# Zombie Baseball Team Ideas?



## Fetch

Hi folks!

I need some ideas! Every year I do a mini haunt for our annual Relay for Life, and try to match it to the theme of the event. This year it's "sports", so after struggling to come
up with a plan, it suddenly hit me last night while I was trying to
sleep: zombie baseball! Of course, now I only have a few weeks to
convert the old construction trailer I use as a portable haunt
from an evil clown house (last year's event had a circus theme) to "The Dugout".
Any ideas? The interior is all flat black with fluorescent fixtures currently
fitted with blacklight bulbs, but I'd like to get away from BL this year if
possible. It's not very big, but it has a very short "maze" section to
divide the room in half, and a hidden room with a drop panel on one end.
The outside is currently painted with multi-colored dots and a big Clown House
logo. Fortunately, a power sprayer can make quick work of that.

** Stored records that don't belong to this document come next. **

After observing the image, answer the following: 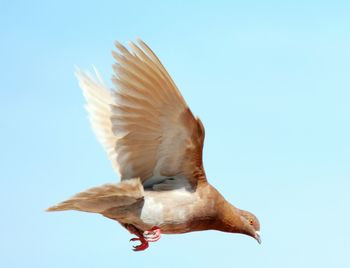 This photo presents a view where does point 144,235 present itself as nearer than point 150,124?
No

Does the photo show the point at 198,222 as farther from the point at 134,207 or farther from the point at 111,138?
the point at 111,138

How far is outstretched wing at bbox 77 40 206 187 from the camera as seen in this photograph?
31.6 ft

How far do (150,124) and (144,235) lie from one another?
1499 mm

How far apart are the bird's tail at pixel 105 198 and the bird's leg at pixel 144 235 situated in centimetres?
48

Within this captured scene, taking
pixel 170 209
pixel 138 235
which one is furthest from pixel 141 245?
pixel 170 209

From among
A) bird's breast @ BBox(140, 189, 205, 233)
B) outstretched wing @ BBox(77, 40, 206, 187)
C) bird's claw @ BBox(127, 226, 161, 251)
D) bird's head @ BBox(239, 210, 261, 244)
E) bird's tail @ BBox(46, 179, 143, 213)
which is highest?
outstretched wing @ BBox(77, 40, 206, 187)

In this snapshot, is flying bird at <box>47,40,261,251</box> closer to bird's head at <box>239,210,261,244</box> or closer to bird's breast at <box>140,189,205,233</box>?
bird's breast at <box>140,189,205,233</box>

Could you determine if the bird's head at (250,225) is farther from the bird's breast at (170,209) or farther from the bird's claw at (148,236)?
the bird's claw at (148,236)

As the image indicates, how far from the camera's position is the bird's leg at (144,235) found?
406 inches

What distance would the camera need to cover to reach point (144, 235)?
10.4 metres

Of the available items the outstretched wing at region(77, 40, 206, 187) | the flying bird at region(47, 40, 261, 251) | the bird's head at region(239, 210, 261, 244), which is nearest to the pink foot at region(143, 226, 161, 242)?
the flying bird at region(47, 40, 261, 251)

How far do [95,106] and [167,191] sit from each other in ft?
8.24

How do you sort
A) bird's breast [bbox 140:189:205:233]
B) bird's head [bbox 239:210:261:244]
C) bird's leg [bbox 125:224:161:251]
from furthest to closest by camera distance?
1. bird's head [bbox 239:210:261:244]
2. bird's leg [bbox 125:224:161:251]
3. bird's breast [bbox 140:189:205:233]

I'm trying to dig up some old baseball uniforms and line up someone to do zombie makeup on the actors, but willing to entertain ideas on that as well.

Please put your demented-but-brilliant brains to work!

Thanks!


----------



## ironman37

I remember seeing a prosthetic i think with a half baseball sticking out the forehead or the eyesocket or something. i couldnt find it but i did find this mask.http://www.thehorrordome.com/the-baseball-zombie-collector-halloween-mask.aspx 
it probably wouldnt be that hard to just do the half baseball thing yourself.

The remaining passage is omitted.